Reviewed by Ian Lipke
It’s an unusual opening to say the least. Auguste Duchene, former schoolteacher and proud Frenchman, in Paris in 1944, searching for and finding a missing baby, a German baby, offspring of a senior Nazi. It turns out that Duchene has found a means of survival, for he finds both French and German people who have dropped out of sight.
But this is 1944 and the Resistance pays a visit. A priest is missing and with him has disappeared a cache of weapons, meant for use against the Nazis. Auguste’s daughter Marienne is living openly with a Nazi lieutenant and takes exception to her father’s warning that the German will leave and she will be called to face the wrath of Parisians when the war ends. Now, the Resistance threatens her life if Auguste does not, within forty-eight hours, find both weapons and priest. He cannot refuse.
Having begun his quest, Auguste is called to account for his searching. He is interrogated by Major Faber and allocated the task of finding a missing German soldier. Before long, the Gestapo question him and he is instructed to report to them before advising Major Frank of his findings. This outline is expanded with some careful dialogue with both Germans and Resistance, some fiery interchanges with his daughter, and muted discussion with the missing priest’s housekeeper.
The success of the novel rests with the depiction of Auguste Duchene. That Philippe, a seasoned leader of the Resistance and Armand a murderous thug, are presented as realistic characters has little impact beside the main character, Auguste.

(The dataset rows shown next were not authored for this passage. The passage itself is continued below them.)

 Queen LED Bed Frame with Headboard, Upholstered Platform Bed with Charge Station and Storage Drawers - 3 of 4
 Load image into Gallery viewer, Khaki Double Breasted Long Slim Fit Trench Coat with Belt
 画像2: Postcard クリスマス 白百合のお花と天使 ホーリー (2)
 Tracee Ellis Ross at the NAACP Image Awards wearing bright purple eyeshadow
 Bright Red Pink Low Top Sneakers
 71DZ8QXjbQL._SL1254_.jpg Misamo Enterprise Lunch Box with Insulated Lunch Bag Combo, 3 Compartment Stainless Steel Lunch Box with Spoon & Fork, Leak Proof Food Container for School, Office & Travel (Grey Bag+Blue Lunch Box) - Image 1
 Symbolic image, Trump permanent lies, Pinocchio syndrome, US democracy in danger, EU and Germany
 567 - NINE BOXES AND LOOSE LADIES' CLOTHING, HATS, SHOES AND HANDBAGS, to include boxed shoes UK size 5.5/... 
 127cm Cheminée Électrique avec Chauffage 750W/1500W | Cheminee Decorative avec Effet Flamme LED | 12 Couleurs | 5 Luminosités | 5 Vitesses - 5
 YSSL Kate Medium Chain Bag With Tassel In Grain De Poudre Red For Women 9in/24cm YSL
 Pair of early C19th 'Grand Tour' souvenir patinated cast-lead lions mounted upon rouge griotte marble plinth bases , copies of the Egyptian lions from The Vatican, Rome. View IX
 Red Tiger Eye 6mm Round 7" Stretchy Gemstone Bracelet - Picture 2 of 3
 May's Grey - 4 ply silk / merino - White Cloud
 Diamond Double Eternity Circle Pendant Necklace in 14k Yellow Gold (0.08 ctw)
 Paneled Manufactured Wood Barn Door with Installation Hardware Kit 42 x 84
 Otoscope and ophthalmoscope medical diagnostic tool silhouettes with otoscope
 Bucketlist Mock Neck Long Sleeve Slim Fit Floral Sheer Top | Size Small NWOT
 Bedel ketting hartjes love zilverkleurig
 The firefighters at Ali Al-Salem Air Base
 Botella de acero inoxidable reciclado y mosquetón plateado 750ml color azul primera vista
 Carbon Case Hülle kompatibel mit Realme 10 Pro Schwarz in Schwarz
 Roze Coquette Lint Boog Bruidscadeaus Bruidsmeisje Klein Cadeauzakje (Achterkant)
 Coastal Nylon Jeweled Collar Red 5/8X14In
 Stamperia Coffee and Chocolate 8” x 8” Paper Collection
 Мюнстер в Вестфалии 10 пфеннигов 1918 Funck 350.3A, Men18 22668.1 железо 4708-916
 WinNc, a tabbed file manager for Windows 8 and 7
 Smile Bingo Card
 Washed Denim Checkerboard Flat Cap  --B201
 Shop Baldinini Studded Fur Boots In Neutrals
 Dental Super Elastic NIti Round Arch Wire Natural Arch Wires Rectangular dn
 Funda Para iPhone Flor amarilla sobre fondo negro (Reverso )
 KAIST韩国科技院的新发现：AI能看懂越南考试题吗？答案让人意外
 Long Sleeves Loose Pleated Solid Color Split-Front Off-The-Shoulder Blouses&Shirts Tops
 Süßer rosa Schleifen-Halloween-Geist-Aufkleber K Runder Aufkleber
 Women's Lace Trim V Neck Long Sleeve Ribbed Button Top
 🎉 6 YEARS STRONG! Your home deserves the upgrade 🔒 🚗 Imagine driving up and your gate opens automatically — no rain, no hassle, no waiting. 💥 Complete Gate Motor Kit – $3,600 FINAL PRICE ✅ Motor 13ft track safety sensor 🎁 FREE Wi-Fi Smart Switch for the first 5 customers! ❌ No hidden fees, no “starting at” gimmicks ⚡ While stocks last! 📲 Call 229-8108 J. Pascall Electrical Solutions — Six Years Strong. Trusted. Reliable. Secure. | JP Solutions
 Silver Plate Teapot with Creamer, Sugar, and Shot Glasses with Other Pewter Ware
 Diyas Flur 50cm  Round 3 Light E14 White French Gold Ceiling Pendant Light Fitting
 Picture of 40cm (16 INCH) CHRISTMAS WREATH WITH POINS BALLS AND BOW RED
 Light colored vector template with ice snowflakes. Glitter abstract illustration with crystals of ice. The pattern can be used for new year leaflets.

That Lucien and Guillaume have agendas of their own means little beside the force of Auguste. Marienne is foolish and could have been left to suffer – except in Auguste Duchene’s universe.
Duchene represents what we hope to believe in when the blizzards of war batter our lives. He holds firm in the face of aggression, and meets inhuman demands with actions that grow out of a creed in which his very soul is steeped. Decency, human dignity, and a sense of right and wrong, of honest and fair dealing, together with an insatiable desire to find things others cannot, are the parameters within which he lives. Close friends fail him but his quick wits keep him safe. Courage, he holds, in the face of extreme danger.
Female characters, such as Duchene’s lover Camille, suffer the effects of the Nazi occupation in diverse ways. Each response is appropriate to its make-up. Marienne is the flighty twenty-two-year-old who cannot forgive her mother for leaving her husband and child to fight in the Spanish Civil war. Camille, aware that the Roman Catholic Auguste feels he cannot forsake his absent wife, remains available for those few times when Auguste requires the warmth of a woman’s body and her strength. The women of Paris show their cruelty with collaborators’ hair being shorn to signify disgrace, just as the Parisian women vented their wrath on the aristocrats caught up in the French Revolution.
This is a satisfying work and can be expected to supply hours of pleasant reading.